What is particularly striking is the book’s double focus, both social and personal. On the one hand, the protagonists are presented as private individuals: a teacher, a scientist, a linguist, people shaped by different professions and trajectories. On the other hand, each portrait functions as a social cross-section, implicitly asking: which forms of respect, recognition, and invisibility exist in a society? Where is the line between what is deemed “important” and what is dismissed as “secondary”? Who is granted the right to be heard? Azimov’s achievement is that he does not turn his protagonists into emblems. In strong portrait writing, a person remains a person: with vulnerabilities, inner contradictions, and their own logic of choice.
The book’s key effect is a redefinition of heroism. In popular culture, heroism is often tied to exceptionality- an exploit, a victory, public recognition. In Azimov, heroism lives at the “low temperature” of everyday life: professional perseverance, responsibility toward students, fidelity to one’s craft, the ability to keep one’s word when no one applauds. This approach is especially relevant to a contemporary context: it restores the word “hero” to a human scale, stripping away bombast without diminishing its weight.
Structurally, the book is a mosaic. The ten pieces do not need to form a single line and that is both an advantage and a limitation. The advantage lies in diversity and freedom: readers can enter anywhere, set their own pace, and compare lives across chapters. The limitation is that a mosaic has no plot engine: if you expect accumulating suspense, the book will produce a different kind of engagement. But within the genre, this is an honest choice. The aim is not to “hook” by plot, but to sustain attention through the intensity of looking.
A crucial question is tonal: does the book slip into the territory of “inspirational stories”? Azimov, judging by the project and the chosen register, tries to avoid banal didacticism. Still, the underlying premise that “every person is a hero” can sound programmatic if the author states the moral too explicitly. The strongest pages in this genre are those in which conclusions are born in the reader rather than delivered on their behalf. When Azimov shows more than he explains, the book gains power: it becomes not a lesson, but an experience of recognition.
The book’s cultural significance is reinforced by its bilingual horizon (Russian/Uzbek), which positions it for multiple readerships that often run in parallel within Uzbekistan. This is not merely a technical feature; it is a gesture- an acknowledgement of a layered cultural space and an attempt to speak within it without exclusions. The visual layer (black-and-white illustrations accompanying some of the stories) also feels appropriate to portraiture as drawings can deepen presence without forcing interpretation.

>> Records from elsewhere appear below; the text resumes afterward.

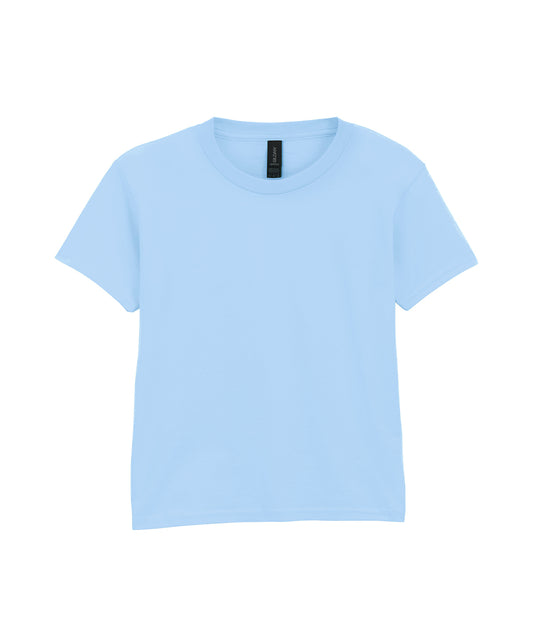 Softstyle™ youth ringspun t-shirt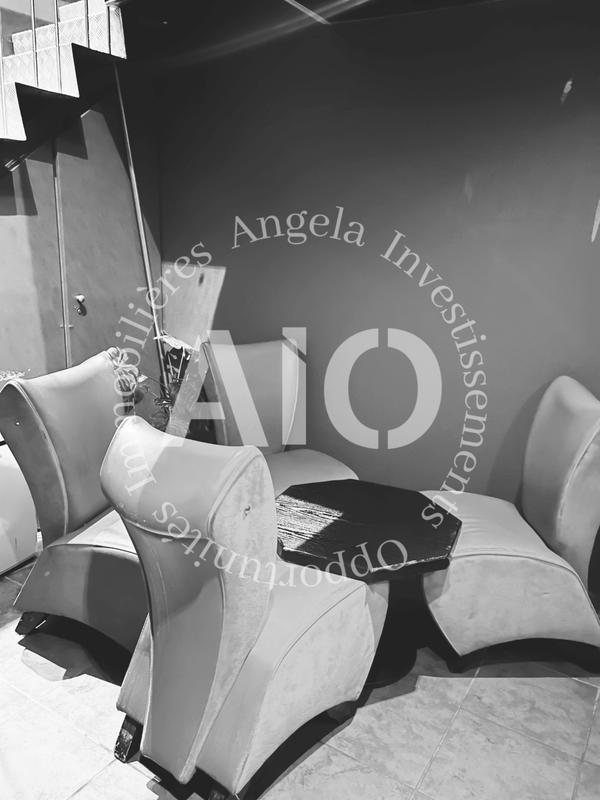 Fonds de commerce - Magasins - 37 m²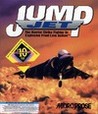 Harrier Jump Jet Image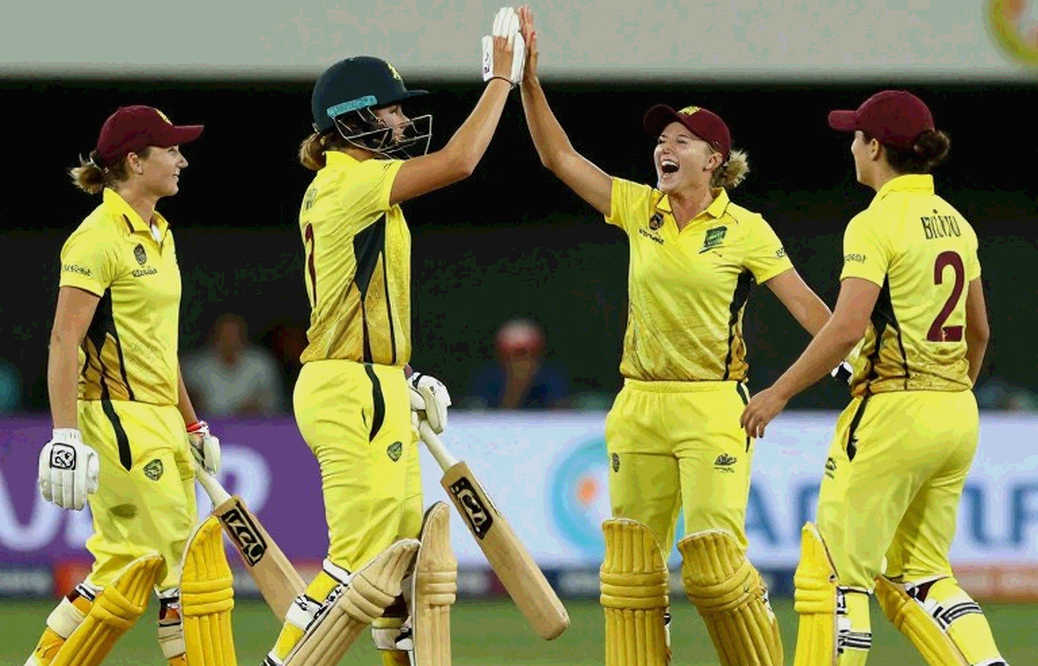 Rachael Haynes Steps Down as Sydney Sixers General Manager: A Deep Analysis of an Administrative Transition Rachael Haynes Steps Down as Sydney Sixers General Manager: A Deep Analysis of an Administrative Transition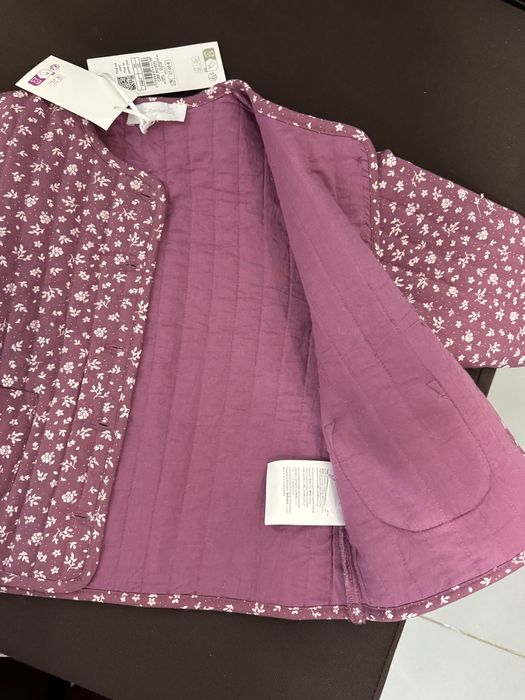 Куртка для маленьких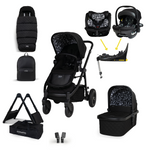 Wow 3 Rotate, Home & Travel All-Stage Bundle Silhouette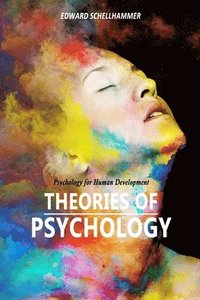 bokomslag Theories of Psychology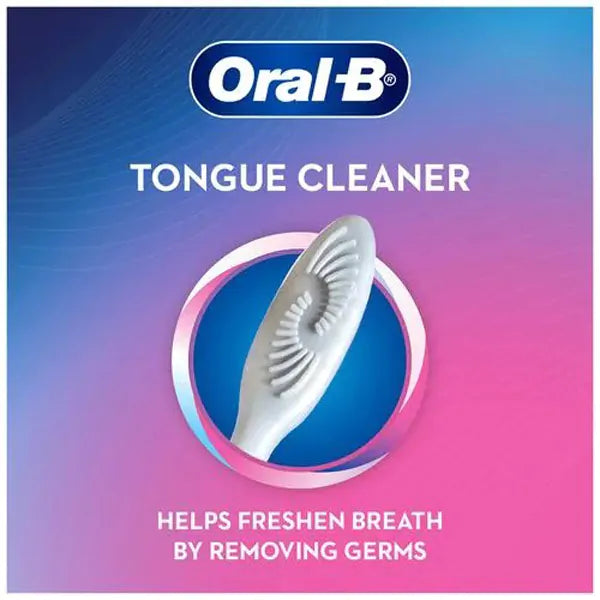 Oral-B Ultrathin Sensitive Precision Clean Toothbrush 1 Pcs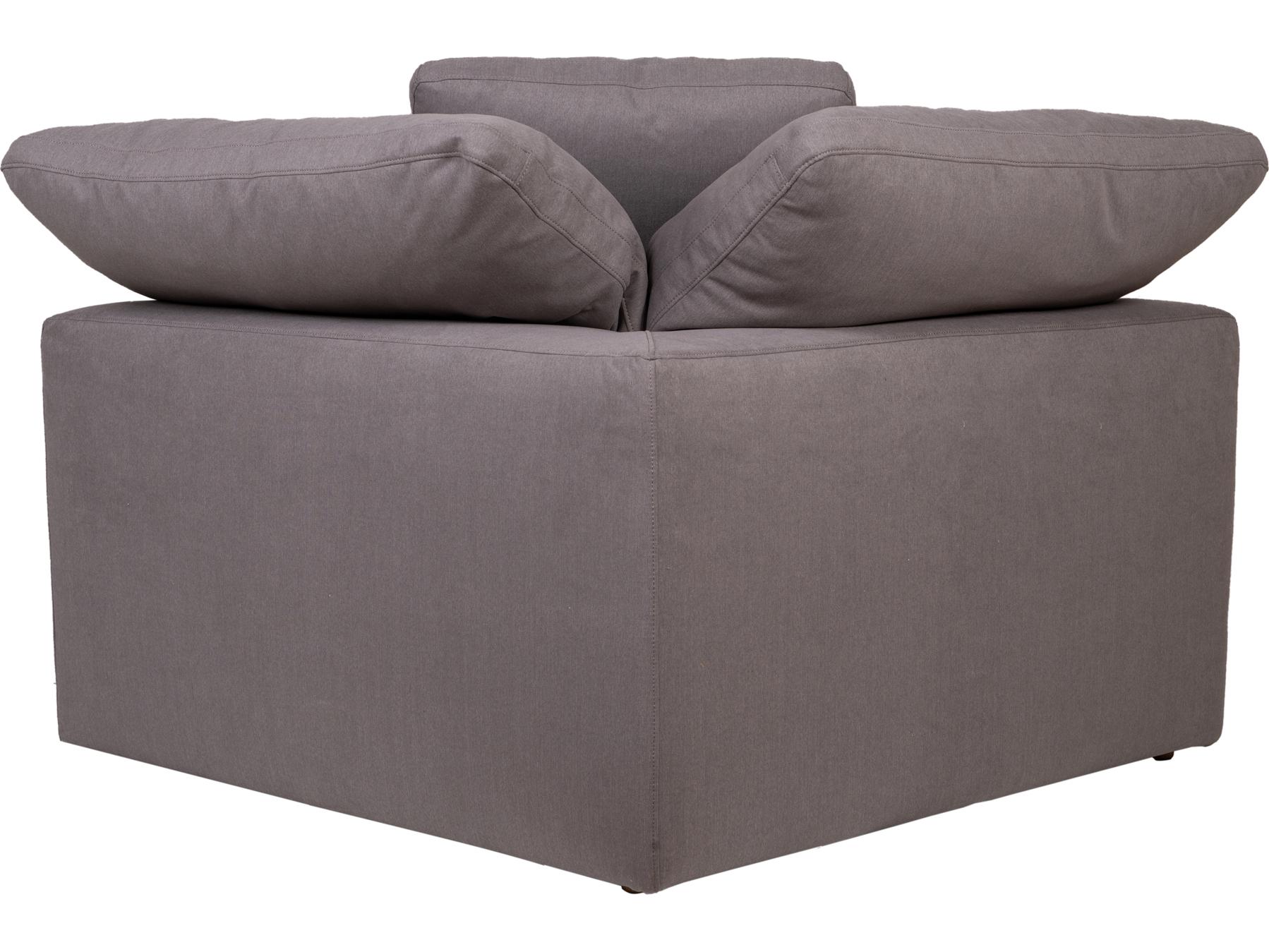 Moe's Home Clay Modular Chair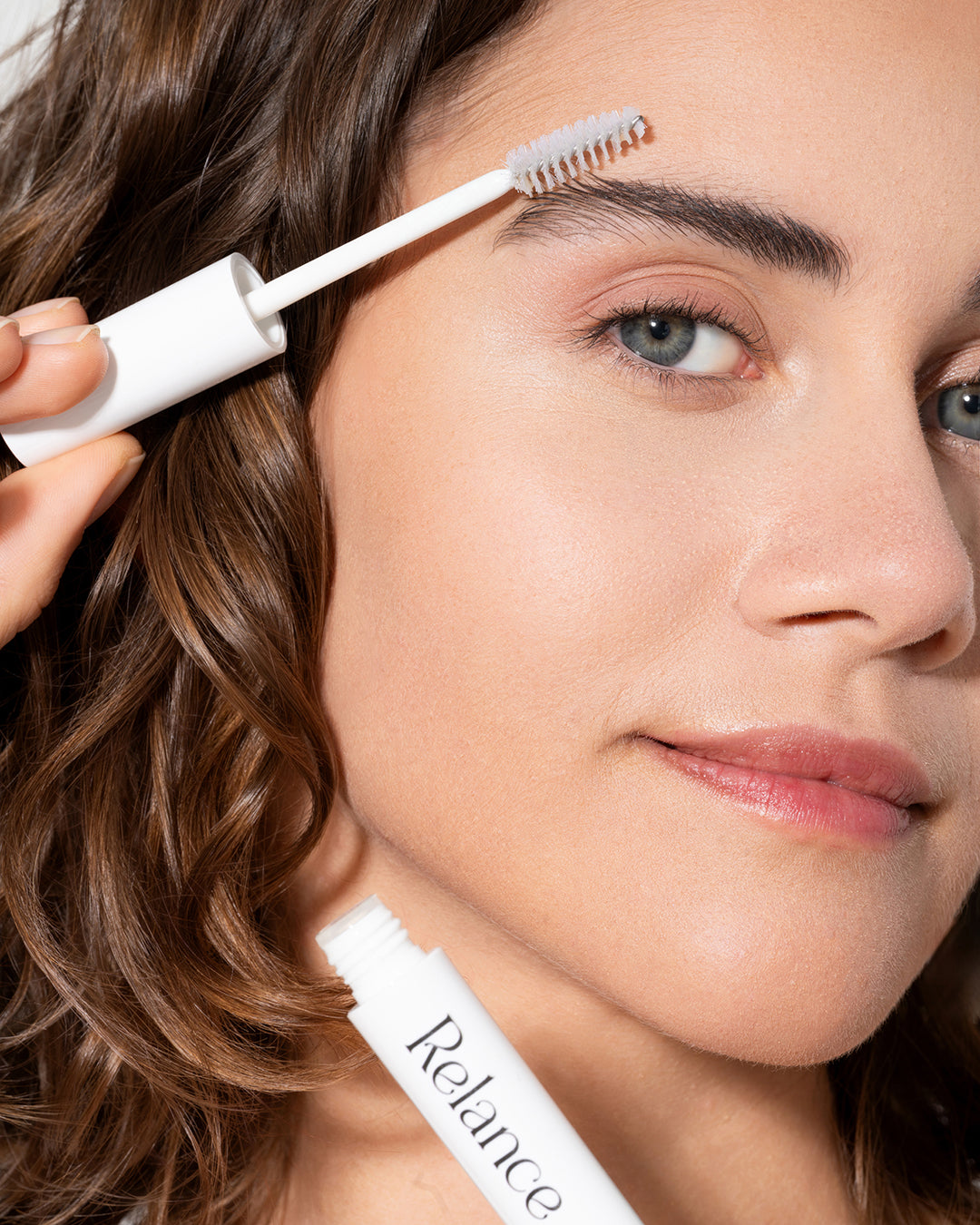 Eyebrow and Eyelash Serum (5ml)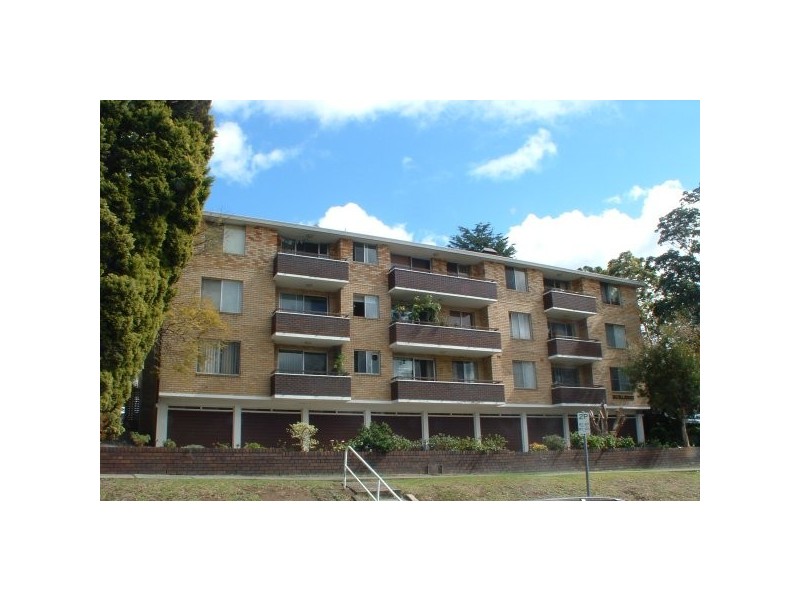 14/7-9 Little Street, Lane Cove NSW 2066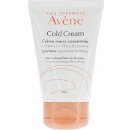 Avene Cold Cream krém na ruky pre suchú až veľmi suchú pokožku 50 ml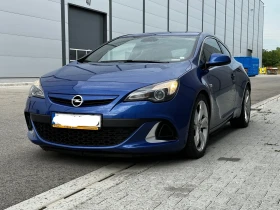 Opel Astra OPC, снимка 2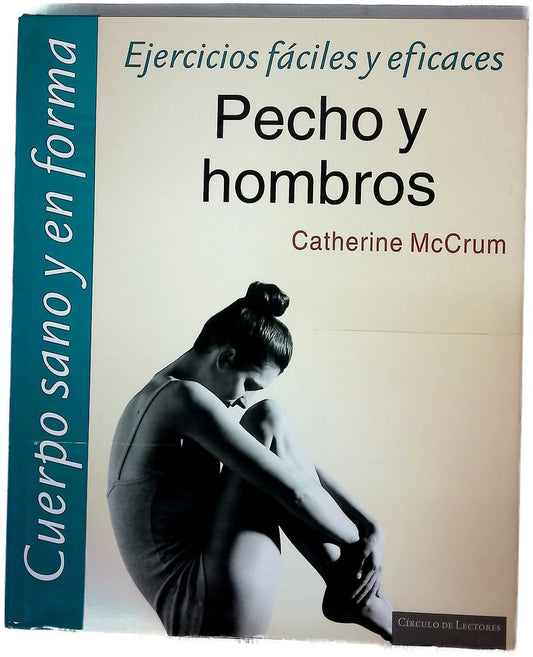 Pecho y hombros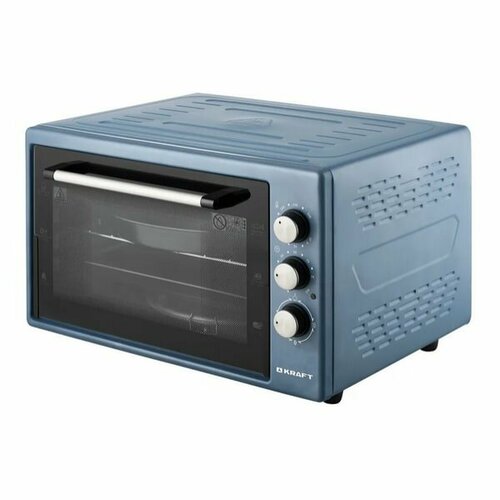Мини печь Kraft KF-MO 3801 BU 679400₽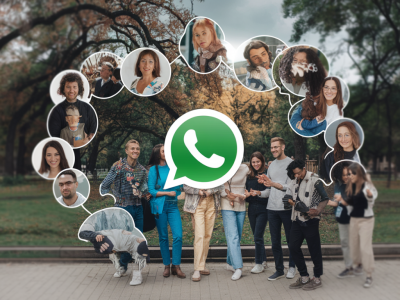 Wie du whatsapp‑gruppenfotos komplett und sicher automatisch lokal archivierst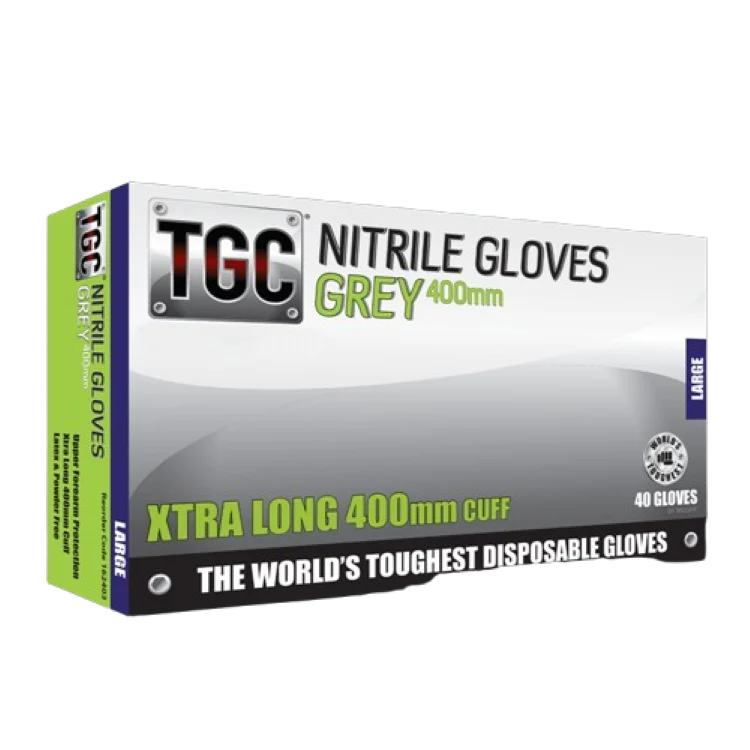 TGC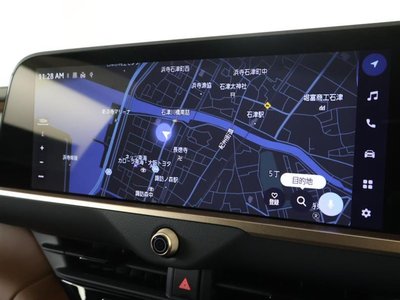 2024 Toyota CROWN CROSSOVER 照片 6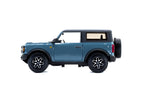 Ford Bronco Badlands AL 2021 A Escala 1:24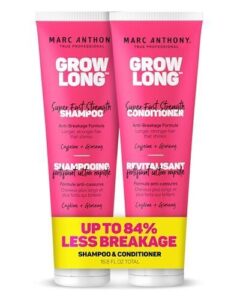 Marc Anthony Big Volume Hair B097NQW4SP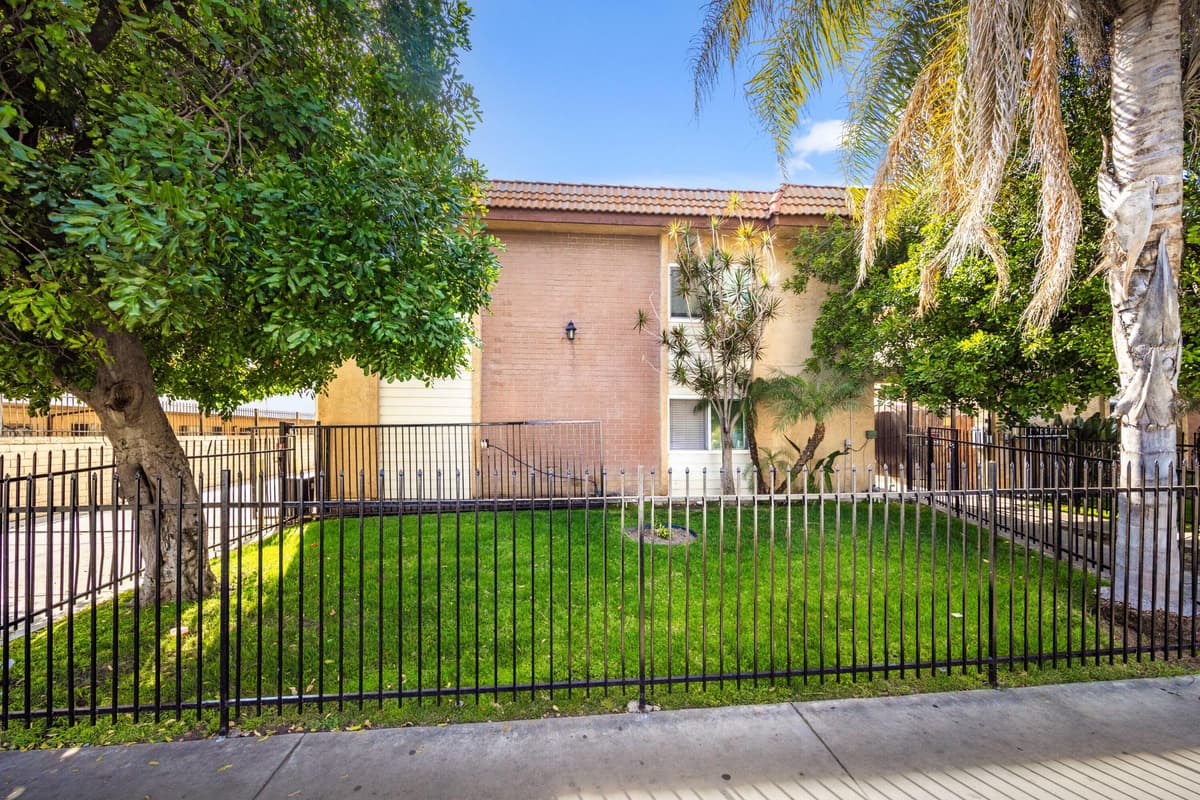 9051 Cedros Avenue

Ultimately, Another Day in Uzbekistan can be read as a book about a country, but more precisely as a book about dignity. It does not promise sensation, nor does it replace complexity with a comforting legend. Its value lies in its calm, almost stubborn return of attention to those who build the social fabric every day- without rhetoric, without awards, sometimes without even the visible assurance that their work matters. This is a review-recommendation above all for readers interested in contemporary Central Asia not as a set of clichés, but as a living space of people, professions, and temperaments.